Berbeda dengan media profesional yang selalu memiliki pola kerja jelas, mulai dari sumber informasi bertanggung jawab hingga proses redaksi yang bisa dipantau.
"Kalau mau cari berita yang benar, carilah di sumbernya yang tepat. Kalau kita menganggap informasi di medsos itu sudah enggak
true ekosistemnya, maka jangan mencari di tempat yang gelap, carilah di tempat yang terang," kata Wenseslaus dalam podcast bersama JCCNetwork dikutip Rabu, 3 Desember 2025.
Ia mengingatkan publik tidak mudah terjebak pada kegaduhan di media sosial. Jika ada informasi yang mencuat dan tidak diikuti klarifikasi media kredibel, patut dicurigai sebagai
hoax.
Oleh karenanya, masyarakat diimbau langsung mengakses situs resmi media ketika ragu terhadap sebuah kabar.

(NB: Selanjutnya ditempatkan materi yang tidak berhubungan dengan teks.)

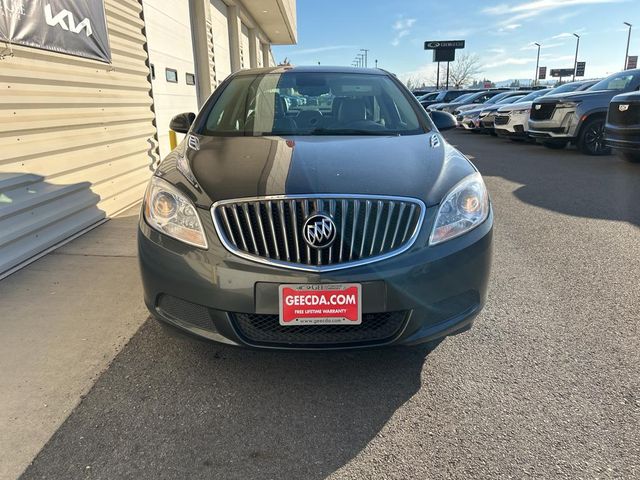 2017 Buick Verano Base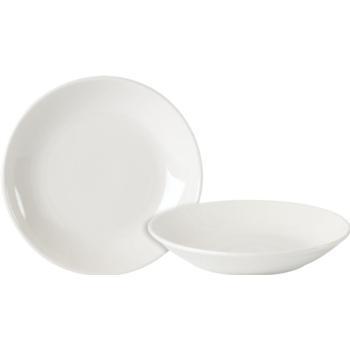 Australian Fine China Deep Winged/Coupe Plate - Kitchway.com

Sementara itu, kolaborasi antara media dan berbagai lembaga merupakan kebutuhan yang tidak dapat dihindari. Bentuk kerja sama itu bisa ditempatkan pada berbagai level, mulai dari penyediaan informasi, pengembangan sumber daya manusia, hingga kolaborasi bisnis yang wajar dalam ekosistem industri media.
Menurutnya, penanganan
hoax membutuhkan alat bantu verifikasi di lapangan. Ia mencontohkan situasi ketika
hoax muncul dari daerah yang jauh seperti di Aceh atau Jayawijaya, Papua, sementara redaksi tidak memiliki perwakilan langsung di wilayah tersebut.
Dalam kondisi itu, aparat kepolisian, pemerintah daerah, maupun organisasi masyarakat sipil setempat dapat memberikan klarifikasi awal untuk memastikan kebenaran informasi.
“Kerja sama dengan pemerintah, korporasi, kepolisian, maupun kejaksaan penting dalam konteks penanganan
hoax dan ujaran kebencian,” pungkasnya.